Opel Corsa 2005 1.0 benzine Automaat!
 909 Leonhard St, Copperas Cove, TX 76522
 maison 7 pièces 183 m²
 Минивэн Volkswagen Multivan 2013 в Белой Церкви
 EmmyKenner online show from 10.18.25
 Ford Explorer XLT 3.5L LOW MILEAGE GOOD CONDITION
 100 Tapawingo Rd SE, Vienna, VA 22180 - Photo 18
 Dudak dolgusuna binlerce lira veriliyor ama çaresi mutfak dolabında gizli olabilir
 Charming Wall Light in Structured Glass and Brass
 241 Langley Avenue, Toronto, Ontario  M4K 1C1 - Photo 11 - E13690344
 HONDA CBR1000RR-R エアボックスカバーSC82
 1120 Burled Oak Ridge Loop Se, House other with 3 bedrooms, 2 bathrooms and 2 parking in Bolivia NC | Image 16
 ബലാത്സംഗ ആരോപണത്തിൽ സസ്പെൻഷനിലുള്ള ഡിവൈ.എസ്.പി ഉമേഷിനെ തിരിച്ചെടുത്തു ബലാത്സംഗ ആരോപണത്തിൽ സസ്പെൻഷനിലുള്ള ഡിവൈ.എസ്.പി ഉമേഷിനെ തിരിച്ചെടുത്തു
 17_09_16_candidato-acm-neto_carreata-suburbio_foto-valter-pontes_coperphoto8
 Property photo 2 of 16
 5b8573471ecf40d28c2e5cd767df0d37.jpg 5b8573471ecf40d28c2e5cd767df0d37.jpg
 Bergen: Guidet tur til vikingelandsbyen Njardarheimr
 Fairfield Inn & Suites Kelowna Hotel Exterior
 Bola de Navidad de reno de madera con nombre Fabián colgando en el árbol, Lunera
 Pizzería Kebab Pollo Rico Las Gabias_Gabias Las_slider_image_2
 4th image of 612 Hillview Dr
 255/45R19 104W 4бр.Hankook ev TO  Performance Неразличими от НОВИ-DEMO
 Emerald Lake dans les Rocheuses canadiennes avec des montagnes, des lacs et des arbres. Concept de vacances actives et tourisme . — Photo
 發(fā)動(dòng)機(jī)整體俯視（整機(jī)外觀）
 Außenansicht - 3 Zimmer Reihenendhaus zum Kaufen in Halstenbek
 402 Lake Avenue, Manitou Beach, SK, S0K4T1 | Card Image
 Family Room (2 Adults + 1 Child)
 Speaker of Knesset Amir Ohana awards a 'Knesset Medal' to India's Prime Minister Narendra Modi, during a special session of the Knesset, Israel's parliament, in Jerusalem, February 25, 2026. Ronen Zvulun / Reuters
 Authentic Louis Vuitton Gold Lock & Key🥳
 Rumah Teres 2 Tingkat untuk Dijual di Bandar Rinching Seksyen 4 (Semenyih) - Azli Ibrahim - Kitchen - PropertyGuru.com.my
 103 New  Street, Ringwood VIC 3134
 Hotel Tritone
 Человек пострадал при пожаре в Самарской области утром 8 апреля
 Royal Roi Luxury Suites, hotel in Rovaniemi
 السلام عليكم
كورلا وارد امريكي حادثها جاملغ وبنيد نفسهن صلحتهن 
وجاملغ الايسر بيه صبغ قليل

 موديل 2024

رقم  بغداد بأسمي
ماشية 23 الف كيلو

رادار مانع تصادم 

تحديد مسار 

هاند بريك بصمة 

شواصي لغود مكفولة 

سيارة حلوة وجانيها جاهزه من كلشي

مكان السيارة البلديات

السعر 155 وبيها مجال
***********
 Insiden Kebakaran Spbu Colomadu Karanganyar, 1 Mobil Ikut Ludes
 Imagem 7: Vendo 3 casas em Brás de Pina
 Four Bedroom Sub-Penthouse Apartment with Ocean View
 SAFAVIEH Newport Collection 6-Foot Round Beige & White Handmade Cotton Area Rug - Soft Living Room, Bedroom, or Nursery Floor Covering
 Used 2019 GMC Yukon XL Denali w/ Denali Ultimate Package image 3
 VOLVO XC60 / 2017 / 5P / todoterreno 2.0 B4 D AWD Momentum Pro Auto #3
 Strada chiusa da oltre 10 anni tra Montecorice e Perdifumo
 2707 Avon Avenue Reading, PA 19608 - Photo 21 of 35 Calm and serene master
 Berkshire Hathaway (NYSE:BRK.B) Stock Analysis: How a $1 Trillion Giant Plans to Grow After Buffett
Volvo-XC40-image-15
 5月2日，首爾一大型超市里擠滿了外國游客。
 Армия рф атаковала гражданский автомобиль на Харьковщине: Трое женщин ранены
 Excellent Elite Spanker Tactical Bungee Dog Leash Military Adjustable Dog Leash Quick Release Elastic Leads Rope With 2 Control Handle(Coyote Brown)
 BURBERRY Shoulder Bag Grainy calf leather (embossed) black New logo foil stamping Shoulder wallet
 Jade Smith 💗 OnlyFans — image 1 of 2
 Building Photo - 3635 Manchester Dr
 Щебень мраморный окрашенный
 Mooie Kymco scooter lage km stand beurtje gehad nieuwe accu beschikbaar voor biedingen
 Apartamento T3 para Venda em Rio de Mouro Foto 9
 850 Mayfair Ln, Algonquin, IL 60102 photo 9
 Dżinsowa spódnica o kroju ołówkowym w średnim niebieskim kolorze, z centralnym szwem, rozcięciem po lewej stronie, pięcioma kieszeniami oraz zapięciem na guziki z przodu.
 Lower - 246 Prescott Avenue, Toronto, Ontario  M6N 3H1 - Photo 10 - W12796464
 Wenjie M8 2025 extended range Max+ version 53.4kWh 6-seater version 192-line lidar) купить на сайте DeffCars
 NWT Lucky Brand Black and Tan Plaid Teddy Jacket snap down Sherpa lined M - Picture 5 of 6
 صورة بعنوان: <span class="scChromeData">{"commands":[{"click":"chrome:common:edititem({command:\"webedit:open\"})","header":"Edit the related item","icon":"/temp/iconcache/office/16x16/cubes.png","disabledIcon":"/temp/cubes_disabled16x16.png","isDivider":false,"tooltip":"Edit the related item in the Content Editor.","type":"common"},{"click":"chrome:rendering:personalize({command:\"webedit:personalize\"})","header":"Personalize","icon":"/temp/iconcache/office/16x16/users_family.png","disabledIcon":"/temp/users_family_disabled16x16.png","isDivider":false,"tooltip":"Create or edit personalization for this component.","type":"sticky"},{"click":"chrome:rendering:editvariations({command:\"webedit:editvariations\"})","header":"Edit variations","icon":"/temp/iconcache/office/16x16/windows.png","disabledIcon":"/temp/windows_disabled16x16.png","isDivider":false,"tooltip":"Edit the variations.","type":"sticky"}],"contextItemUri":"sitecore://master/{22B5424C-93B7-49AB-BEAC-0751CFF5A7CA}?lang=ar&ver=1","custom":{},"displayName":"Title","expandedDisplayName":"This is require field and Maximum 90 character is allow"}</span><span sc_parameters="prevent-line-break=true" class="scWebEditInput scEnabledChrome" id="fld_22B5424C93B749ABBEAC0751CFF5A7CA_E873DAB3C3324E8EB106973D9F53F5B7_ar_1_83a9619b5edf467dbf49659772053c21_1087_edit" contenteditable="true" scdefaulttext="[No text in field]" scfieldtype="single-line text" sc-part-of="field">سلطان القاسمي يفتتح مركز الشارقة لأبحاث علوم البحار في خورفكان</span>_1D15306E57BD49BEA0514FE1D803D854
=====
■ **WORK INSTRUCTIONS**:
A verbatim transcription is needed of the lines above, starting at the line with "5月2日，首爾一大型超市里擠滿了外國游客。" and ending at the line with "NWT Lucky Brand", both included, and of nothing else.

■ **ANSWER SECTION**:
 5月2日，首爾一大型超市里擠滿了外國游客。
 Армия рф атаковала гражданский автомобиль на Харьковщине: Трое женщин ранены
 Excellent Elite Spanker Tactical Bungee Dog Leash Military Adjustable Dog Leash Quick Release Elastic Leads Rope With 2 Control Handle(Coyote Brown)
 BURBERRY Shoulder Bag Grainy calf leather (embossed) black New logo foil stamping Shoulder wallet
 Jade Smith 💗 OnlyFans — image 1 of 2
 Building Photo - 3635 Manchester Dr
 Щебень мраморный окрашенный
 Mooie Kymco scooter lage km stand beurtje gehad nieuwe accu beschikbaar voor biedingen
 Apartamento T3 para Venda em Rio de Mouro Foto 9
 850 Mayfair Ln, Algonquin, IL 60102 photo 9
 Dżinsowa spódnica o kroju ołówkowym w średnim niebieskim kolorze, z centralnym szwem, rozcięciem po lewej stronie, pięcioma kieszeniami oraz zapięciem na guziki z przodu.
 Lower - 246 Prescott Avenue, Toronto, Ontario  M6N 3H1 - Photo 10 - W12796464
 Wenjie M8 2025 extended range Max+ version 53.4kWh 6-seater version 192-line lidar) купить на сайте DeffCars
 NWT Lucky Brand Black and Tan Plaid Teddy Jacket snap down Sherpa lined M - Picture 5 of 6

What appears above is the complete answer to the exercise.